WORK REQUIRED =
What the answer must hold is the line containing "Bed in Apartamentos Turmalina Unitursa" and all lines after it through the end of the listing, copied exactly, with pictures left out.

ENTRIES SUPPLIED =
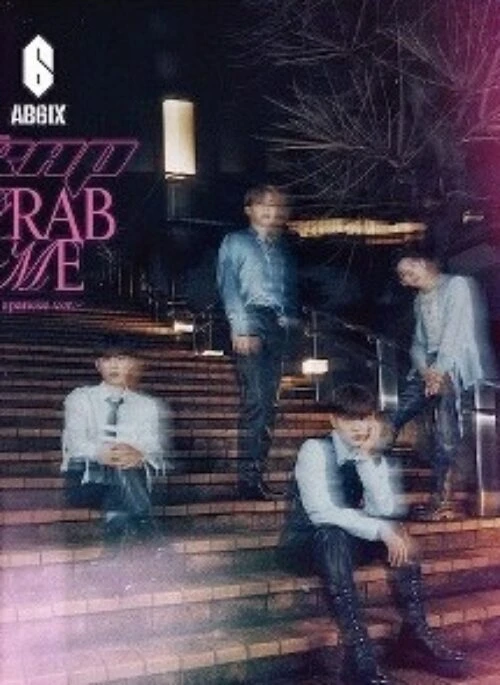 AB6IX 3rd Mini Album – TRAP / GRAB ME | Japanese edition, Standard version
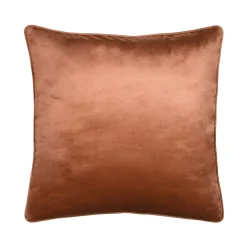 Coussin Et Housse|STOF Coussin carré (50 x 50 cm) Fernande Marron Cognac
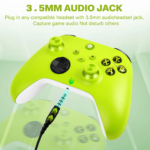 Joypad WIFI kontroler za XBOX One, XBOX X series, PC Windows, PS 3 beli - Slika 16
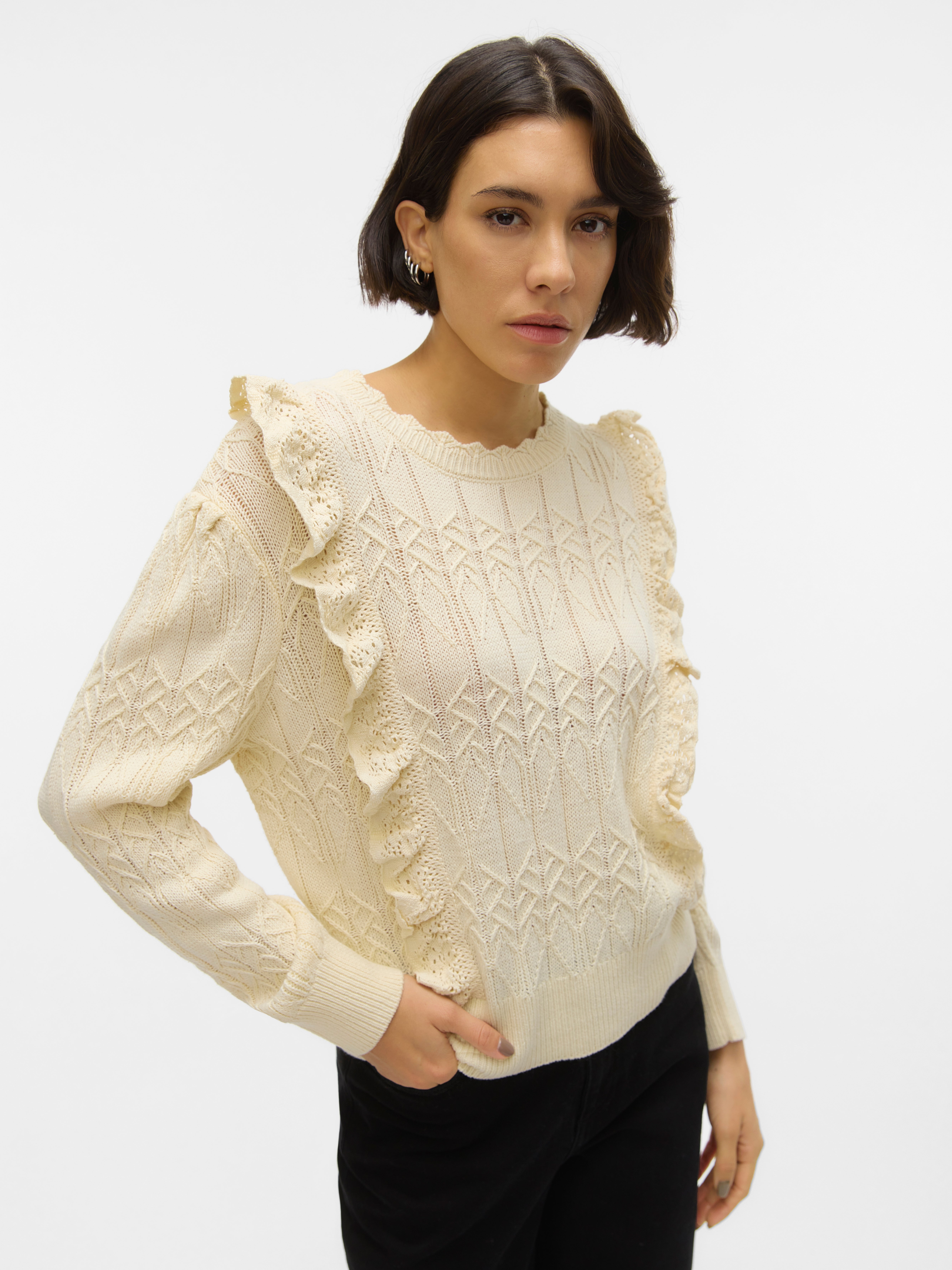 VMNEWELSE Gebreide pullover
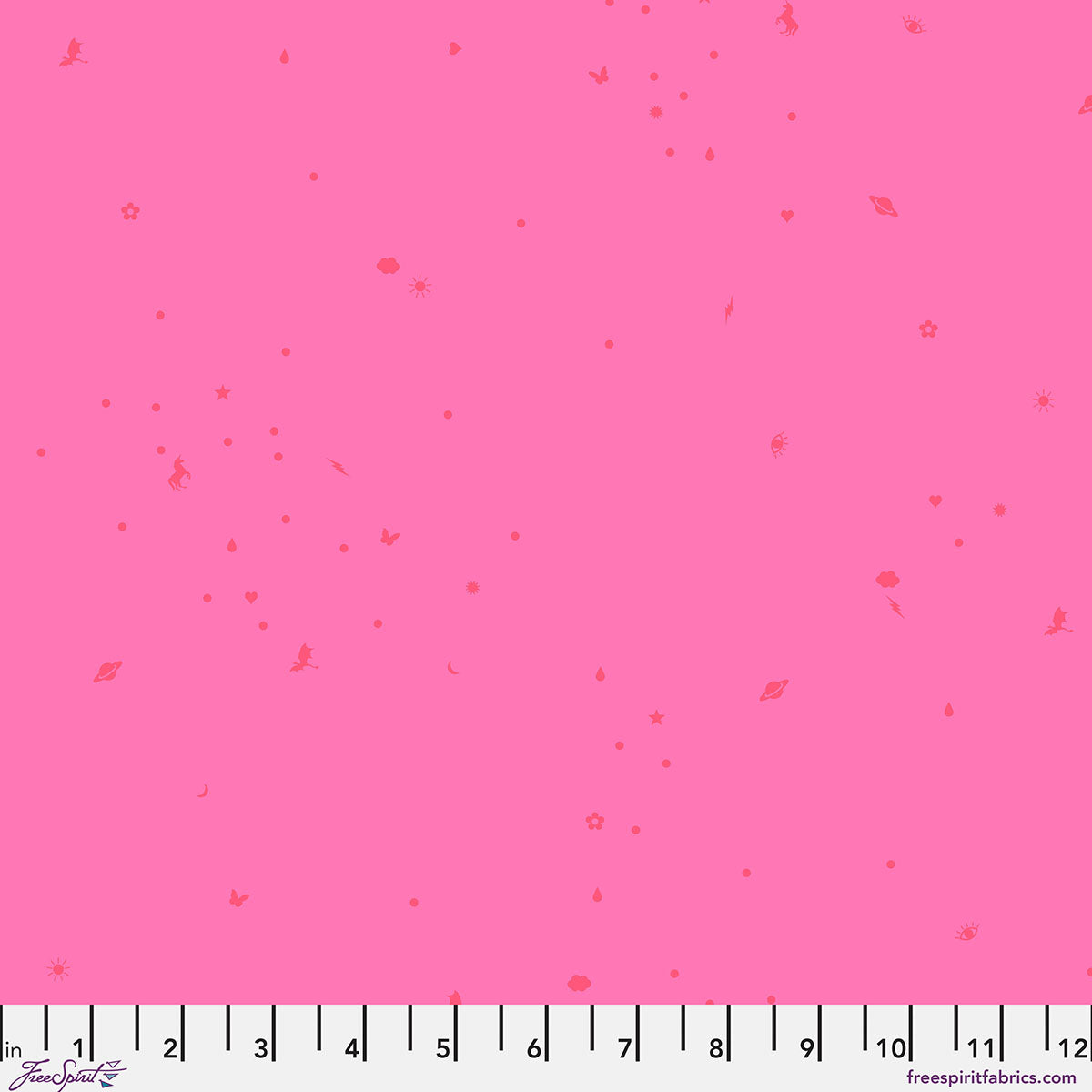Tula Pink's Legendary || Cotton Lawn || Charmed - Sugarplum || Pre-order, Arrives November 2026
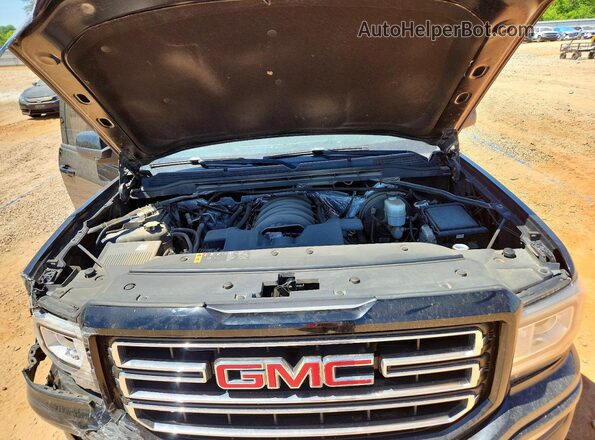 3GTU2MEC0HG150395 2017 GMC SIERRA Black Rear interior view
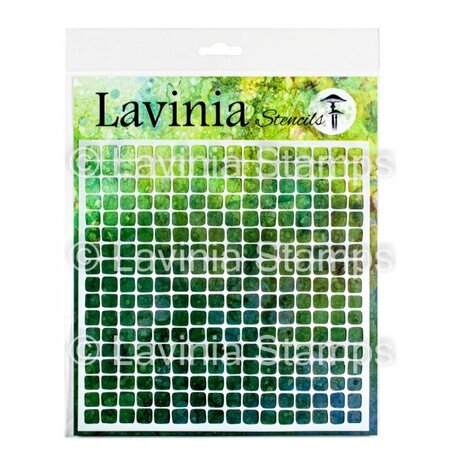 Lavinia Stamps Lattice Stencils (ST033)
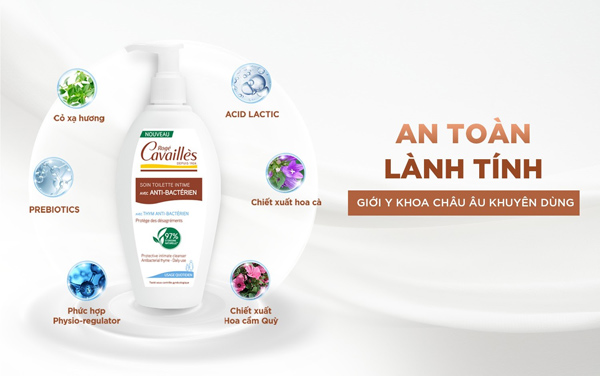 Roge Cavailles - Dung dịch vệ sinh phụ nữ được yêu thích của Pháp gần 1 thế kỷ - 2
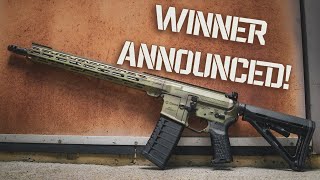 August Winner Announced Mk4 556 RESOLUTE wBlowndeadline Cerakote [upl. by Luapnoj674]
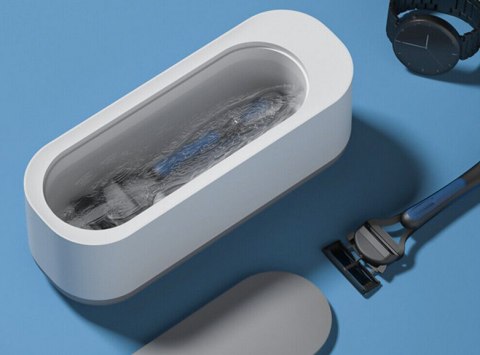 Myjka wibracyjna do czyszczenia biżuterii okularów Myjka wibracyjna do czyszczenia biżuterii okularów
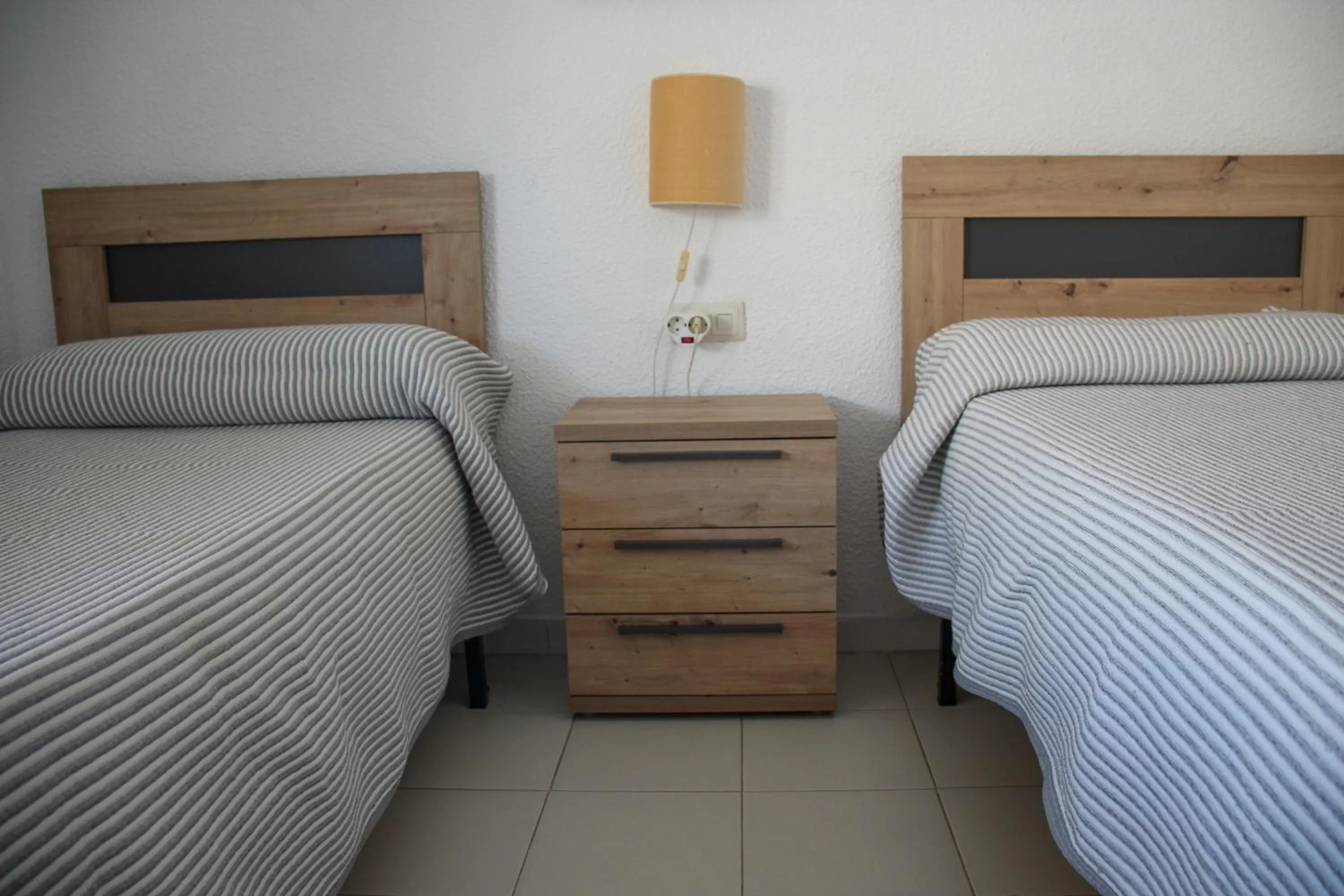 Bed in Apartamentos Turmalina Unitursa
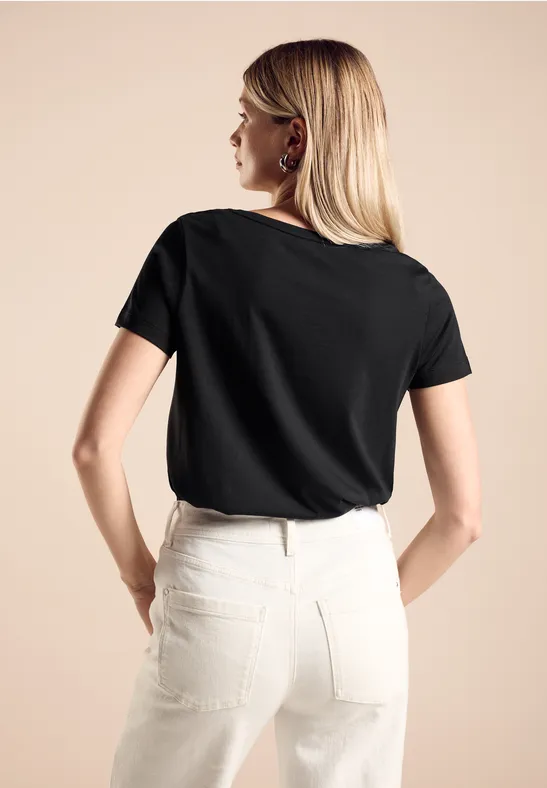 Street One T-Shirt Mit Wording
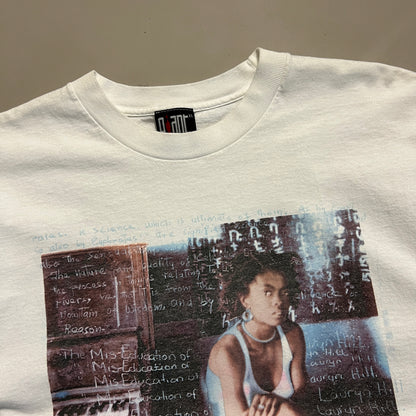 XL 1999 Lauryn Hill The Miseducation World Tour T-shirt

ANSWER =
 Bed in Apartamentos Turmalina Unitursa
 Street One T-Shirt Mit Wording
 XL 1999 Lauryn Hill The Miseducation World Tour T-shirt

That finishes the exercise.